Trois ans plus tard, celui qui est aussi président du Rassemblement démocratique du peuple camerounais (RDPC), le parti au pouvoir, annonce son intention de modifier la Constitution du pays, qui limite alors le mandat présidentiel à deux exercices.
Les organisations non-gouvernementales dénoncent une restriction des libertés fondamentales et les partis d’opposition grondent sans pouvoir se faire entendre.
Des adversaires inaudibles
Si Paul Biya semble peu présent sur l’arène politique depuis qu’il a pris le pouvoir il y a 29 ans, ses nombreux opposants peinent cependant à occuper le terrain.
Après le fol espoir suscité par le vent de libéralisation des années 90, «ils se sont lentement englués dans des luttes internes à leurs partis et dans des revendications purement électoralistes», estime l’éditorialiste d’un quotidien basé à Yaoundé.
Ils se seraient aussi «perdus en conjectures sur la santé du président, ses voyages à l’étranger et sur les soupçons de corruption», estime un autre journaliste camerounais.
La prochaine élection présidentielle, prévue en principe au mois d’octobre 2011, ne suscite pas beaucoup l’intérêt des populations.
Les Camerounais ne se font pas d’illusions quant à la réélection de Paul Biya, même si ce dernier n’a pas encore annoncé sa candidature.
De plus, ils peinent à voir émerger une offre d’alternance crédible. Le SDF, le parti de son adversaire légendaire Fru Ndi, ne pèse plus grand-chose, malgré le groupe parlementaire qu’il a réussi à former à l’Assemblée.
Et on peut s’interroger sur le poids réel de Pierre Mila Assouté, exilé en France, ex-député du parti au pouvoir, devenu depuis l’un de ses opposants les plus médiatiques, et que certains voient comme un possible challenger de Biya lors de la prochaine présidentielle. Venant Mboua Massock, l’initiateur des «villes mortes» de 1991 ne constitue plus réellement une menace pour le régime.

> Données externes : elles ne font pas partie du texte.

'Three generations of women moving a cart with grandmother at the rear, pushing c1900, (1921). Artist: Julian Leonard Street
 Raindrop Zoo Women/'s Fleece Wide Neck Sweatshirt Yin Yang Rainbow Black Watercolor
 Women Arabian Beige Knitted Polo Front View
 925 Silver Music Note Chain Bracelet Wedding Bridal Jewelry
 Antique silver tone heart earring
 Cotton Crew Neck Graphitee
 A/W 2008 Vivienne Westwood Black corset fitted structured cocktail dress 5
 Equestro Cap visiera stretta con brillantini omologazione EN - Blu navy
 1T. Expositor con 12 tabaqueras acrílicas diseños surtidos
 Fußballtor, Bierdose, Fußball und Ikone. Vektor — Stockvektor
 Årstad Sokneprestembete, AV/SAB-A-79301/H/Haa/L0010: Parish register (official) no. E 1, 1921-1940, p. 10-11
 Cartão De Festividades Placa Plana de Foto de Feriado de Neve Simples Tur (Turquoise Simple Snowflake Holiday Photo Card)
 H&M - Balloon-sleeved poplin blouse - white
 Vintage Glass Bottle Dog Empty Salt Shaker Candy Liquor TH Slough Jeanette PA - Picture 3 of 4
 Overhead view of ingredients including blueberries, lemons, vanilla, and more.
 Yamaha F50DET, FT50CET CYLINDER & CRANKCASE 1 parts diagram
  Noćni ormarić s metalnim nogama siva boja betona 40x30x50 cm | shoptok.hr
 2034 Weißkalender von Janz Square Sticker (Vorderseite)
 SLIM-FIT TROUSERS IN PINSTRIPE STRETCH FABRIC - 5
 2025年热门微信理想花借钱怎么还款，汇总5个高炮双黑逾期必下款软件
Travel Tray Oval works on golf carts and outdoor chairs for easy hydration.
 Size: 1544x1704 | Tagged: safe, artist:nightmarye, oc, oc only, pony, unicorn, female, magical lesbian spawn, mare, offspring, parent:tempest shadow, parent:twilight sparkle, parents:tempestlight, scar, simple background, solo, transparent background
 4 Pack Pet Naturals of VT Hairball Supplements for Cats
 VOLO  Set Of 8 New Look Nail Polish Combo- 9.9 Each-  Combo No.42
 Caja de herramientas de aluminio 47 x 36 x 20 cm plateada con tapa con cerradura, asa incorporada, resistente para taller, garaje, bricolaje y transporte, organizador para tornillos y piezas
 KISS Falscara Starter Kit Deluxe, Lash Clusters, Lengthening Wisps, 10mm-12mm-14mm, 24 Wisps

Même l’opposante Edith Kah Walla, transfuge du SDF et aujourd’hui leader du parti Cameroun O Boso, vient d’annoncer sa candidature à la présidentielle. Mais la ligne dure qu’elle incarne peine à convaincre.
Les observateurs s’accordent à dire que Paul Biya, gr'ce à la patience et à la discrétion qui le caractérisent, a réussi à museler l’opposition. D’abord en encourageant la création de nombreux partis, ensuite en leur tendant le piège de la «mangeoire».
En 2000, il a en effet fait voter une loi sur le financement public des partis politiques. Au Cameroun, d’après cette loi, «les partis politiques légalement reconnus peuvent bénéficier du financement public dans le cadre de leurs missions d’expression des suffrages. Le financement public concerne aussi bien les dépenses couvrant les activités permanentes des partis politiques que celles consacrées à l’organisation des campagnes électorales». Un vrai guet-apens, puisque la vingtaine de formations politiques de l’opposition se disputent aujourd’hui une manne de 1,5 milliard de francs CFA (2,3 millions d’euros).
D’où les dissensions actuelles quant à une candidature unique de l’opposition à la prochaine échéance électorale.
Le président du Cameroun sait qu’il tient ses adversaires par ce levier. Ces derniers continuent pourtant de dénoncer les violations des libertés publiques, la corruption et les absences fréquentes et souvent très longues de Paul Biya du Cameroun et son mutisme sur nombre de grands sujets nationaux.
Les partisans du régime parlent d’une «stratégie». Ce point de vue est aussi soutenu par le journaliste François Mattéi, dans son ouvrage Le Code Biya. Mattéi estime que, «sans doute, Paul Biya conçoit la politique comme jadis Eric Tabarly la course au large. Il observe le silence radio pour endormir l’adversaire et surgir là où on ne l’attend pas, alors qu’on le croyait perdu». Ainsi, lorsqu’en 2004 une rumeur persistante le donne pour mort alors qu’il est absent du pays, à son retour le chef d’Etat déclare avec ironie qu’il donne «rendez-vous à ses détracteurs pour dans vingt ans».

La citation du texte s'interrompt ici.